Assigned task:
Locate the line that contains "1255 - A LATE" in the data that follows. Copy it and every subsequent line to the end, exactly, excluding pictures.

Given data:
──────
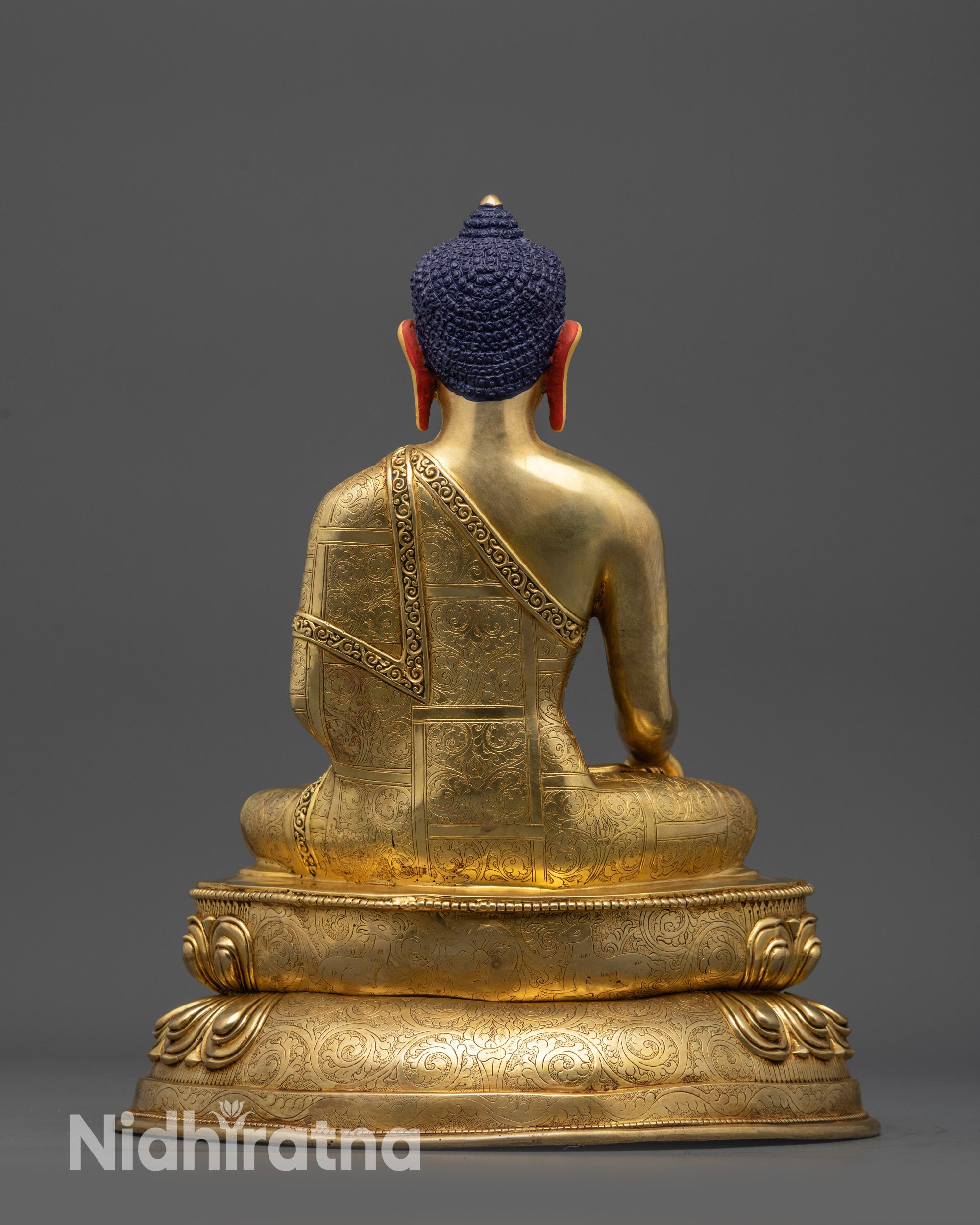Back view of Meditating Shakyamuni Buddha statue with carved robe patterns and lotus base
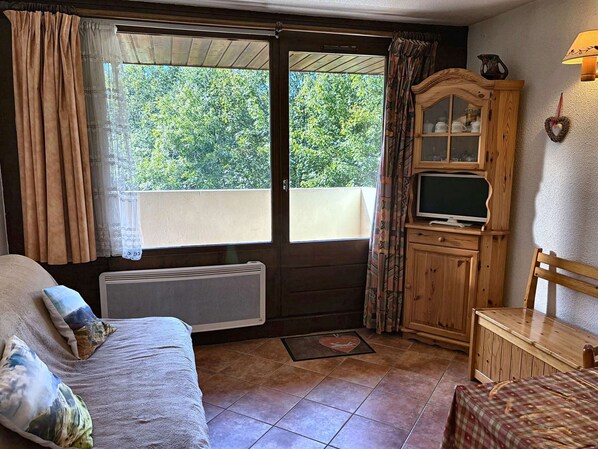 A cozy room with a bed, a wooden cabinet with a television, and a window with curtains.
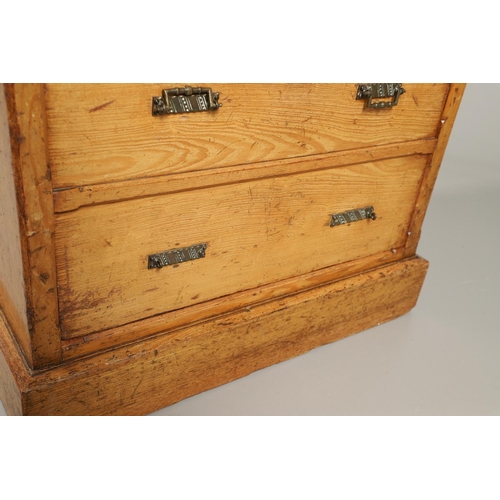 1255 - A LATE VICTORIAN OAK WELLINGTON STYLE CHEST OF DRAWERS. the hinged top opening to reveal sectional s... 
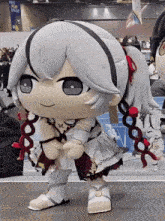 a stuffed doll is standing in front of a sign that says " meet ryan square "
──────
Response box:
 1255 - A LATE VICTORIAN OAK WELLINGTON STYLE CHEST OF DRAWERS. the hinged top opening to reveal sectional s... 
 a stuffed doll is standing in front of a sign that says " meet ryan square "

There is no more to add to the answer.